Francesco ha proseguito la sua riflessione: «In effetti la natura umana, per sfuggire alla precarietà, cerca una religione fai-da-te: se Dio non si fa vedere, ci facciamo un dio su misura. Davanti all’idolo non si rischia la possibilità di una chiamata che faccia uscire dalle proprie sicurezze, perché gli idoli “hanno bocca e non parlano”, come dice il salmo 115. Capiamo allora che l’idolo è un pretesto per porre se stessi al centro della realtà, nell’adorazione dell’opera delle proprie mani. Aronne non sa opporsi alla richiesta della gente e crea un vitello d’oro. Il vitello aveva un senso duplice nel vicino Oriente antico: rappresentava fecondità e abbondanza e anche energia e forza. Ma anzitutto è d’oro, perciò è simbolo di ricchezza». Ma, ha aggiunto: «A Dio non è costato tanto lavoro liberare il popolo dall’Egitto, lo ha fatto con amore, ma il grande lavoro di Dio è stato togliere l’Egitto dal cuore del popolo, togliere l’idolatria dal cuore del popolo. Cosa che cerca di fare anche oggi e per sempre. Perché l’idolo sempre schiavizza: c’è il fascino, e tu vai e lì c’è il serpente, e l’uccellino rimane bloccato e il serpente lo afferra. E’ nel volto di Cristo crocifisso che scopriamo la ricchezza dell’Amore del Dio che si è impoverito per arricchirci: invece gli idoli ci impoveriscono e ci rendono sempre più schiavi. Nessuna libertà è vera senza liberarci prima dalla schiavitù degli idoli, per accogliere Cristo che ci rende figli dell’unico Dio e fratelli tra di noi».

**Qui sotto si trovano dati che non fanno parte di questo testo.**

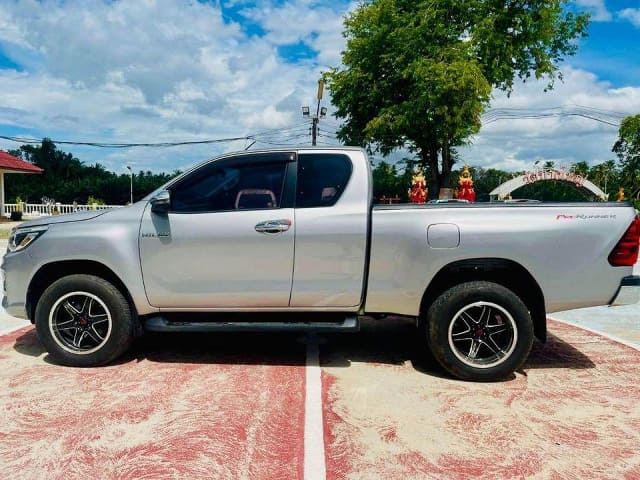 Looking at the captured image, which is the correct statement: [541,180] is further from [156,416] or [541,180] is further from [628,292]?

«La vera libertà è affidarsi del tutto a Gesù Cristo»

Francesco ha concluso: «Quando si accoglie il Dio di Gesù Cristo, che da ricco si è fatto povero per noi, si scopre allora che riconoscere la propria debolezza non è la disgrazia della vita umana, ma è la condizione per aprirsi a Colui che è veramente forte. Allora, per la porta della debolezza entra la salvezza di Dio ; è in forza della propria insufficienza che l’uomo si apre alla paternità di Dio. La libertà dell’uomo nasce dal lasciare che il vero Dio sia l’unico Signore. Questo permette di accettare la propria fragilità e rifiutare gli idoli del nostro cuore». E anche a questo proposito il Papa ha ricordato Edith Stein, santa patrona d’Europa, di cui oggi ricorre la memoria liturgica insieme a quella di San Domenico di Guzman, fondatore dell’Ordine dei Predicatori: «Edith è stata una donna di coerenza, che cercava Dio con onestà e amore, martire del suo popolo ebraico e cristiano. Che preghi e custodisca l’Europa dal Cielo».